Instructions for the task: Beginning with the line that has "La terra delle gravine", write out each line down to the end of the records below exactly, and include no pictures.

(Records for this exercise Opens)

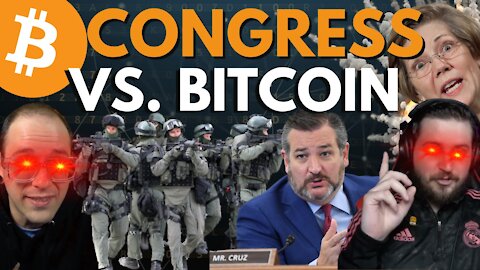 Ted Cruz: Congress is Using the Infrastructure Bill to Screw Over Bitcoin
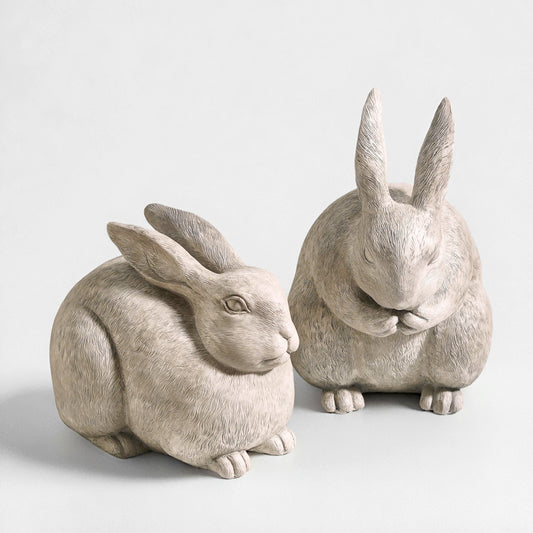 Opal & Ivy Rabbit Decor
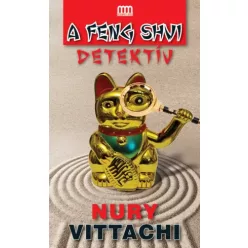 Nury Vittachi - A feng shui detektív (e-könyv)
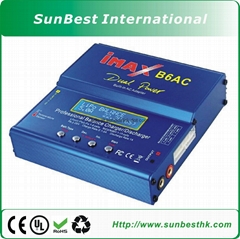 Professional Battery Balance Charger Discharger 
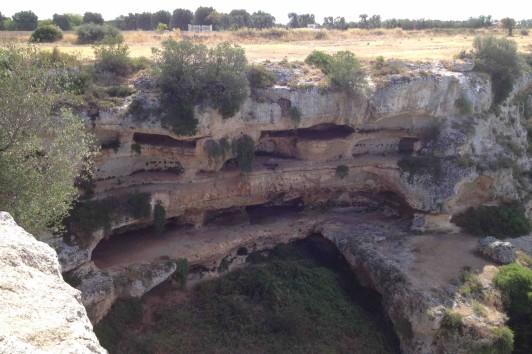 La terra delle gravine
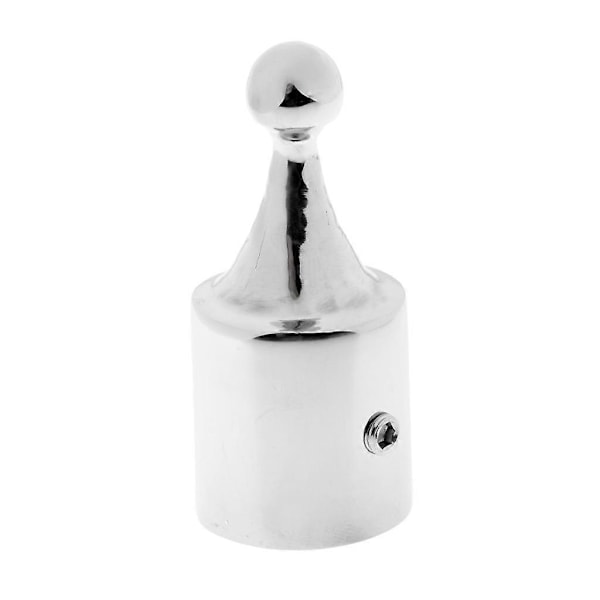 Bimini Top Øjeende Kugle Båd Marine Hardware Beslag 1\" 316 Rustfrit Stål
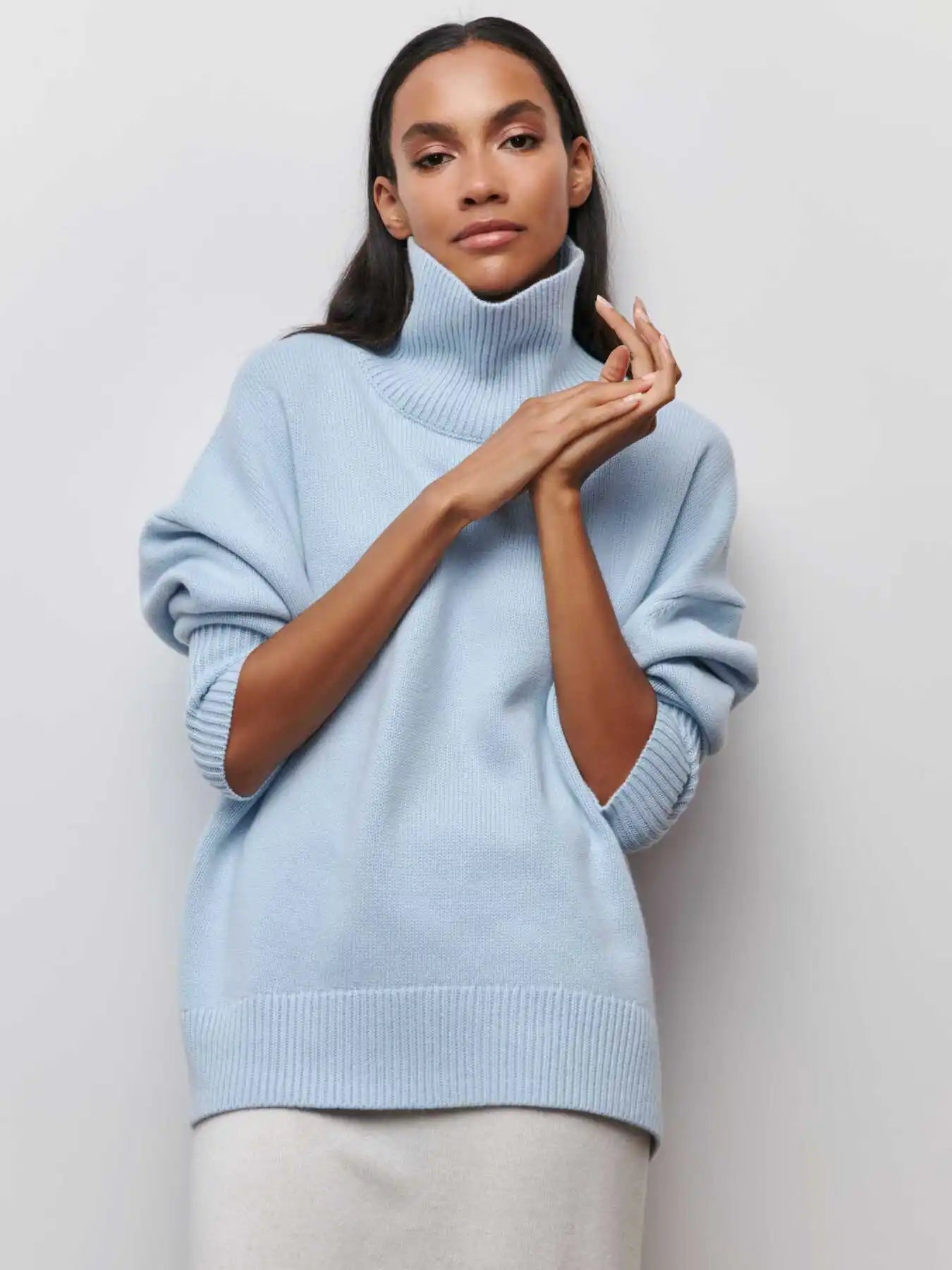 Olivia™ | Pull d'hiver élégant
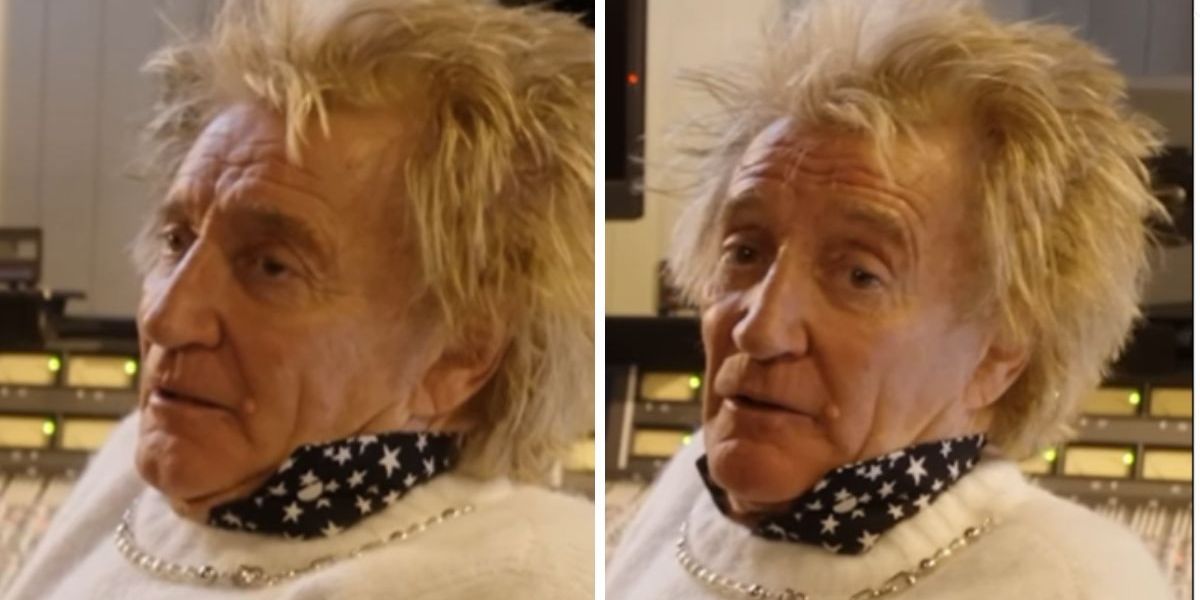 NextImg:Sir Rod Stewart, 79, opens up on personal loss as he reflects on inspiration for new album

(Records for this exercise Closes)

Result of this exercise:
 La terra delle gravine
 Bimini Top Øjeende Kugle Båd Marine Hardware Beslag 1\" 316 Rustfrit Stål
 Olivia™ | Pull d'hiver élégant
 NextImg:Sir Rod Stewart, 79, opens up on personal loss as he reflects on inspiration for new album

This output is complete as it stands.